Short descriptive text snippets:
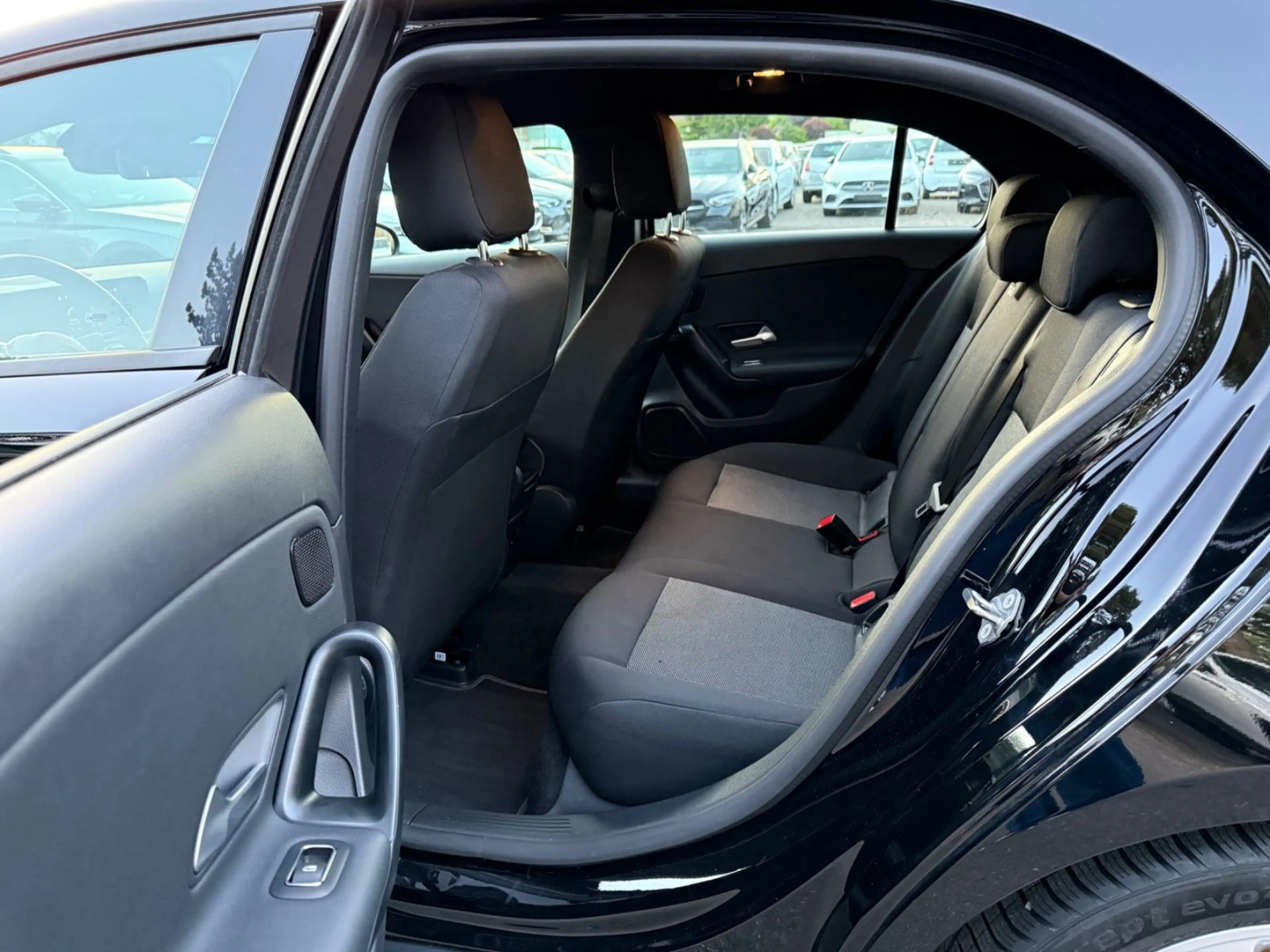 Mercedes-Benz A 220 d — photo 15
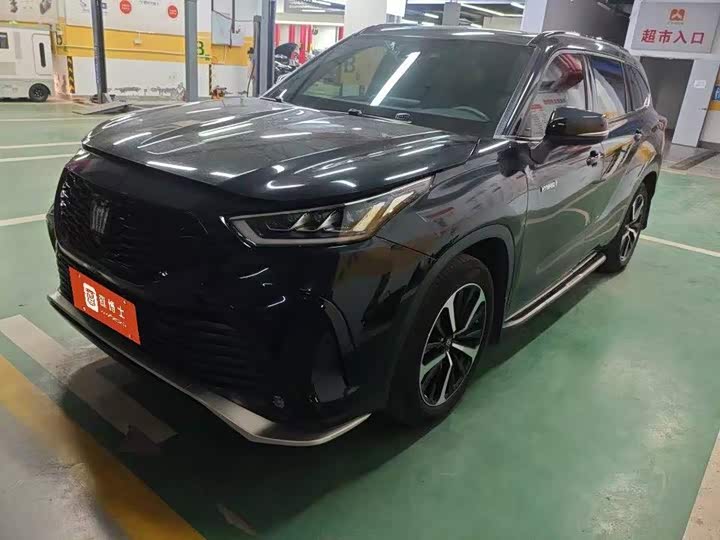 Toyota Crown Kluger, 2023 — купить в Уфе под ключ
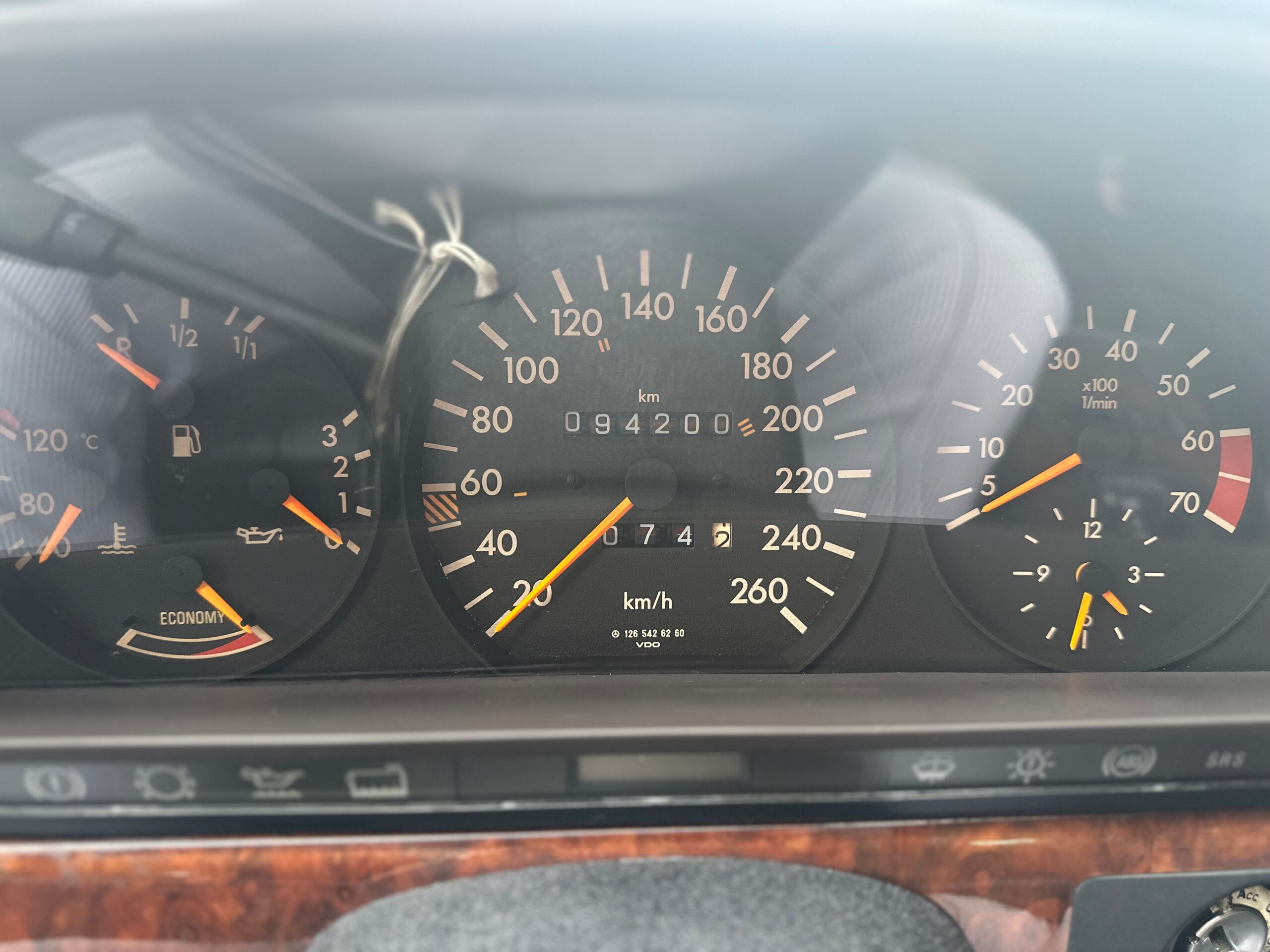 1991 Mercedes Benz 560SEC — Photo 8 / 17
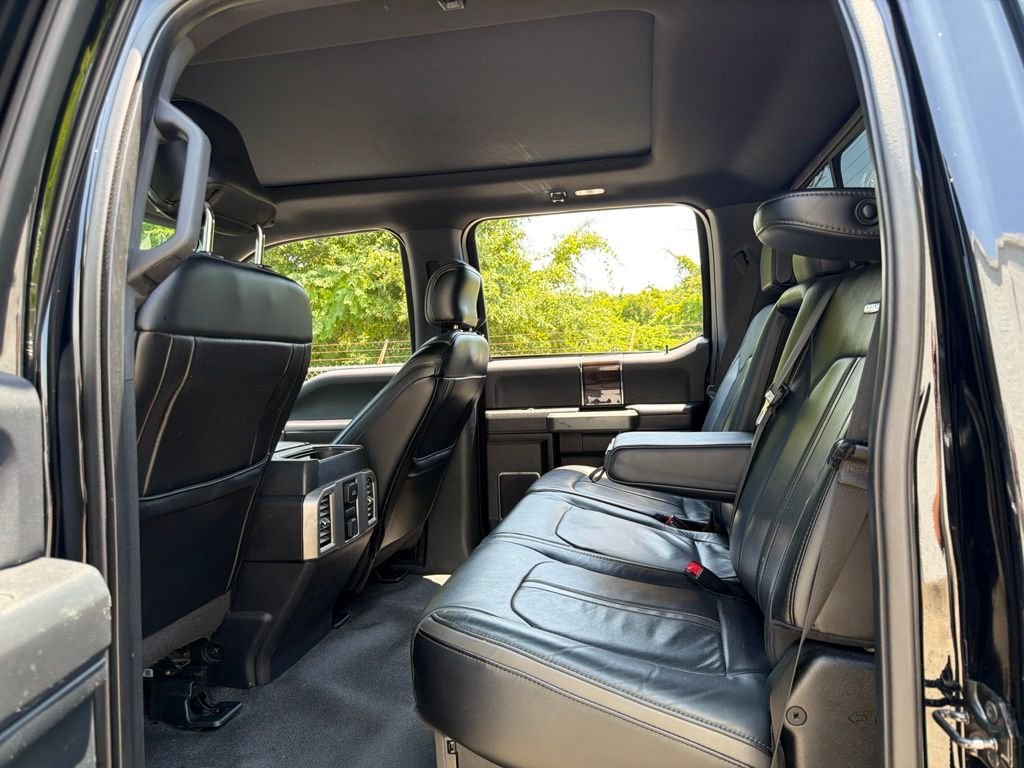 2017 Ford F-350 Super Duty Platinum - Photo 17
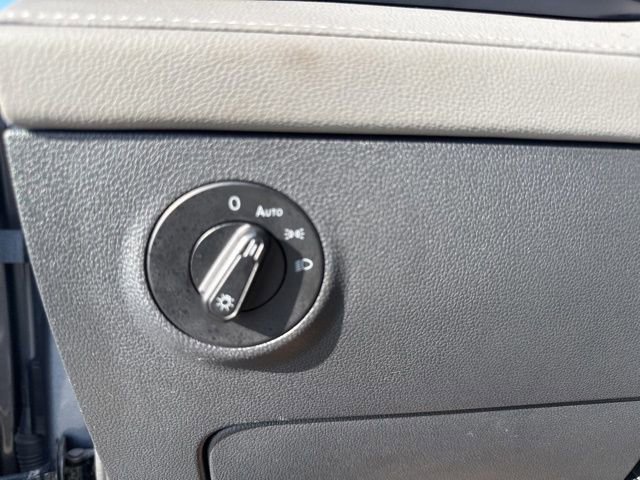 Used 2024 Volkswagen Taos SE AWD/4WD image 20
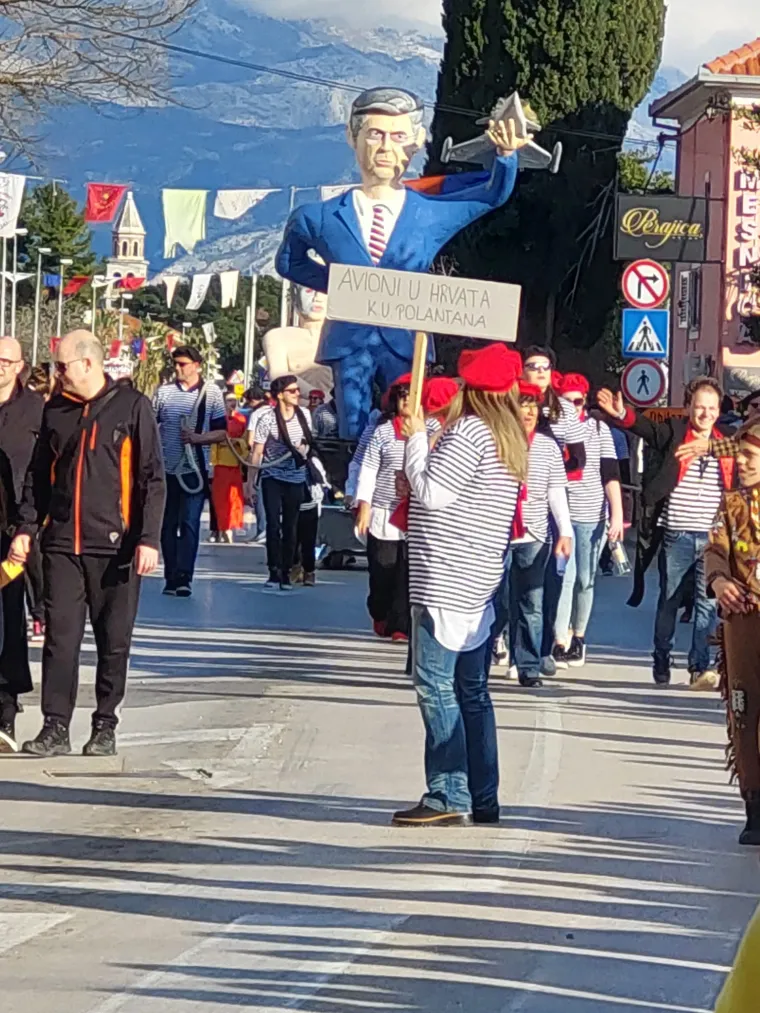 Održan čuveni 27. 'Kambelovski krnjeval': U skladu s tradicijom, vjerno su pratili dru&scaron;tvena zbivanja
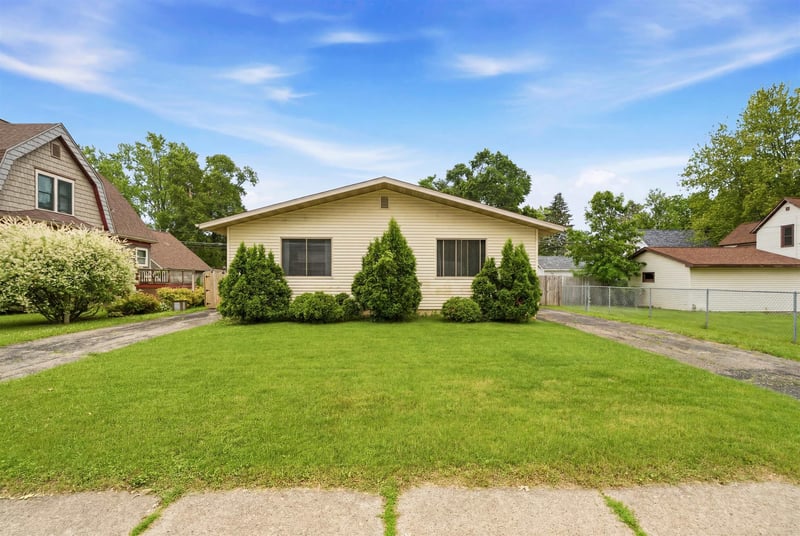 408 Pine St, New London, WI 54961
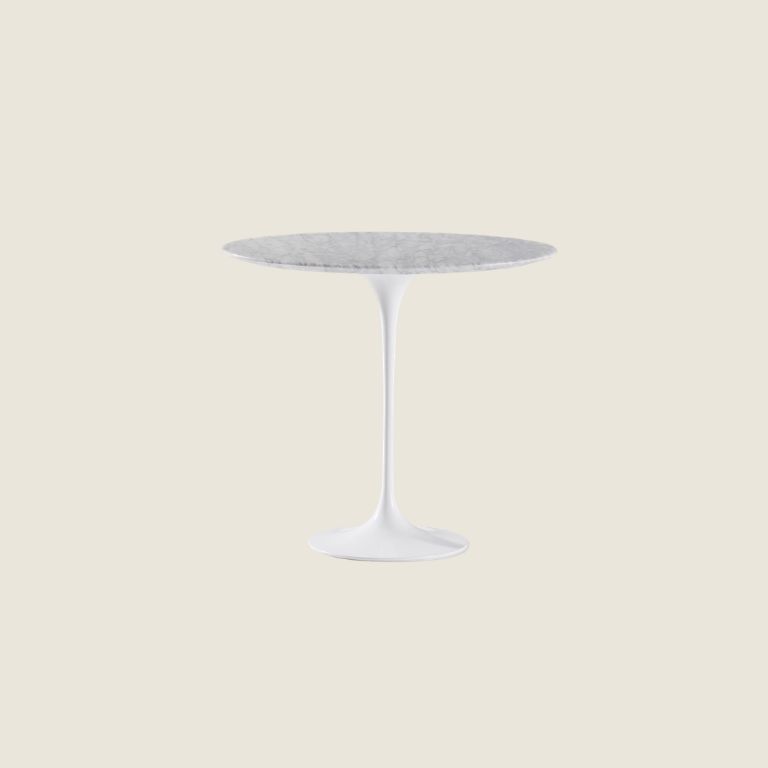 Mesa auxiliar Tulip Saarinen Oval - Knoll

TASK STATEMENT
Produce an exact copy of the records above, leaving out the pictures.

RESPONSE BELOW
 Mercedes-Benz A 220 d — photo 15
 Toyota Crown Kluger, 2023 — купить в Уфе под ключ
 1991 Mercedes Benz 560SEC — Photo 8 / 17
 2017 Ford F-350 Super Duty Platinum - Photo 17
 Used 2024 Volkswagen Taos SE AWD/4WD image 20
 Održan čuveni 27. 'Kambelovski krnjeval': U skladu s tradicijom, vjerno su pratili dru&scaron;tvena zbivanja
 408 Pine St, New London, WI 54961
 Mesa auxiliar Tulip Saarinen Oval - Knoll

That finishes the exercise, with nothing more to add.